Praise – “You are omniscient, omnipotent and omnipresent.”
Repent – “I’m sorry I let myself get so distracted today.”
Yield – “I will try to rely on You more (or realize how much I already do).”
Dearest Rachel –
There’s a part of me that wants to point out that the house analogy breaks down instantly in comparison to our lives as animate humans. Just the fact that it includes a line that said house doesn’t “sprout arms” with which to handle its own maintenance goes to show that, since we have such appendages, we are, in fact capable of handling our own maintenance, at least on a physical level.
But of course, that’s just it; the physical level maintenance quite literally only scratches the surface of what we truly need in terms of maintenance, even though it is the most daily and basic part of the process. There is also the matter of mental health to consider – which the secular world admits is still outside of its reach to fully understand – as well as one’s spiritual condition, which it hardly even acknowledges. And yet, they are equally as important – if not more so, from an eternal standpoint – as anything having to do with our physical health. In essence, while we can (and should) control some of our own maintenance, most of it is still truly beyond our ken.

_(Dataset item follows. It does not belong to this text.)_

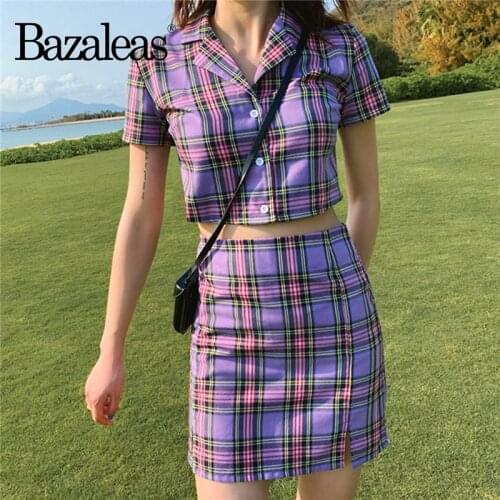 Bazaleas Streetwear Tartan Purple two piece set Fashion Crop top and mini skirt Punk women suit Sexy tracksuit women 2 piece set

Which brings us back to our need to turn to God for that. For all that you mention the needs and wants that He had provided us up to the point of when you were doing this homework – and that the items you categorize are, at least at first, properly sorted (once it gets to an “overflowing” pantry, that’s gone beyond any sort of real ‘need’ – we as humans can’t even determine what it is that we need in life. Most of what we think we need are just ‘wants’ that we’ve fixated on; they may seem good for us, and they might even be good for us if we were to have them, but they aren’t truly necessary, and they aren’t worth pursuing to the exclusion of more important things. And meanwhile, we ignore or overlook things that are truly necessary to grow spiritually, because we don’t have a clue that they will, or how they will. We have to rely on God to give them to us, although we can’t always expect Him to explain what they are or why we need them.
It’s even as simple as His guidance, as we cannot be ‘good’ without it. Under our own power, as you observe, we simply are not ‘good,’ no matter what some people may think about the supposed innate goodness of mankind. One is either perfect or not, and we are not – and without perfection, we cannot stand in His presence – but with His Son’s taking our place in punishment, we are clean in His eyes, and thus can approach Him. From there, we should want to become that much more ‘good’ in gratitude for this, but we still need His power to do so, as we still can’t get there on our own – or at all, but we can always get a little bit closer all the time.
Although to be fair, to the analogy of a river being unable to rise higher than its source, how could one get better than His perfection, anyway?